Kent est né à Lyon en 1957. Il se fait connaître à vingt ans comme chanteur du groupe Starshooter et comme dessinateur de BD dans la revue Métal Hurlant. Tout en poursuivant son chemin d’auteur-compositeur-interprète et d’illustrateur, il touche au cinéma, à la radio et écrit des romans. C’est plus fort que lui. Pendant ce temps, il ne pense pas à mal. Note de l’éditeur Le Dilettante : juste quelqu’un de bien

 Autobiographie pour Quais du Polar

Avant d’être invité comme écrivain à Lyon, j’y suis né. Ça fait un bail. Ado, la BD m’a ouvert les yeux et le rock les oreilles. La vie, les rencontres, le hasard ont joué aux dés et je suis devenu quelqu’un qui m’aurait plu, tout gone, de connaître.

 

Rencontre Rock

Rencontre musicale avec Philippe Manœuvre et Kent autour du rock

Samedi 30 mars, Théâtre Comédie Odéon 14 h30 

Philippe Manœuvre et Kent vous donnent rendez-vous pour une rencontre musicale rock !

 Pour la sortie de son roman autobiographique, Rock, Philippe Manœuvre viendra partager ses nombreuses anecdotes qui mêlent les plus grands noms, en compagnie de Kent, chanteur (notamment du groupe Starshooter) et auteur de Peine perdue.

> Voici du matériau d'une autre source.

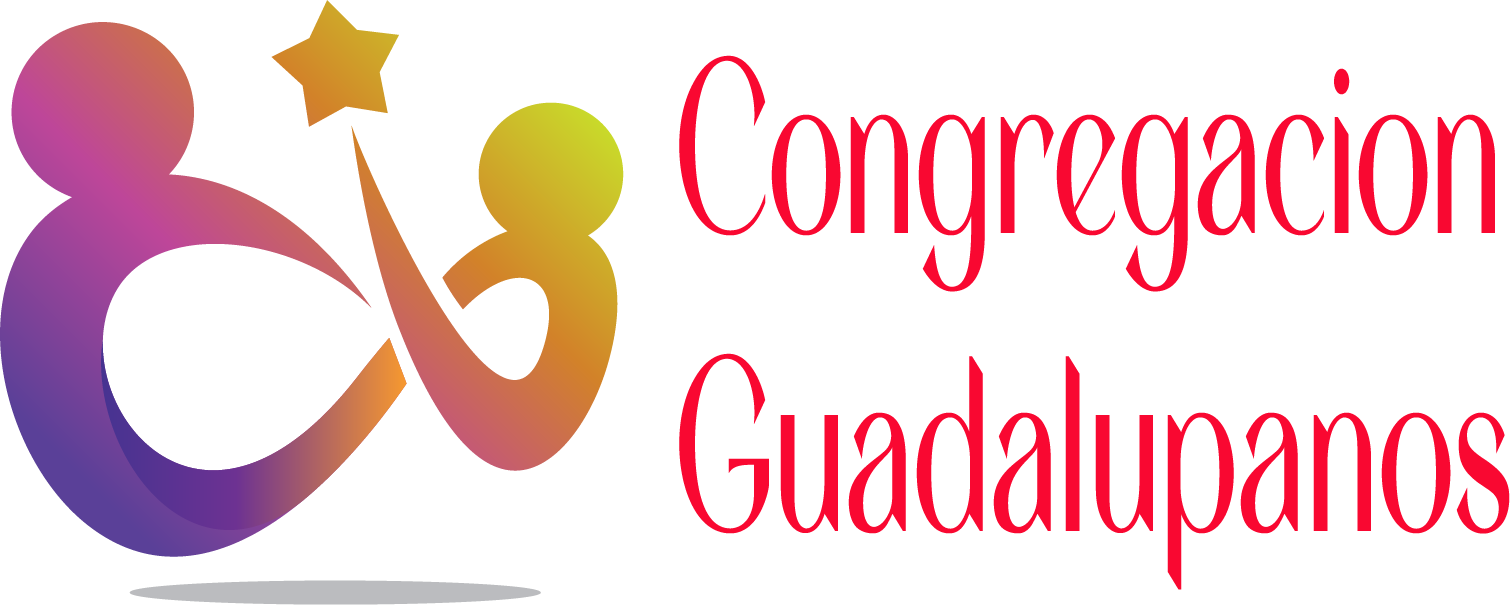 CONGREGACIÓN GUADALUPANA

Le groupe de rock alternatif WHIST de l’ENM viendra jouer leur composition aux multiples influences. Le quintet est emmené par l’intraitable Juliette, jeune chanteuse pétillante et énergique qui vient définitivement clouer le bec aux quelques acrimonieux qui pensent encore que « le Rock, c’est pas pour les filles ».

La rencontre sera présentée par le journaliste Philippe Manche, . et on y sera, car on a déjà réservé nos places !!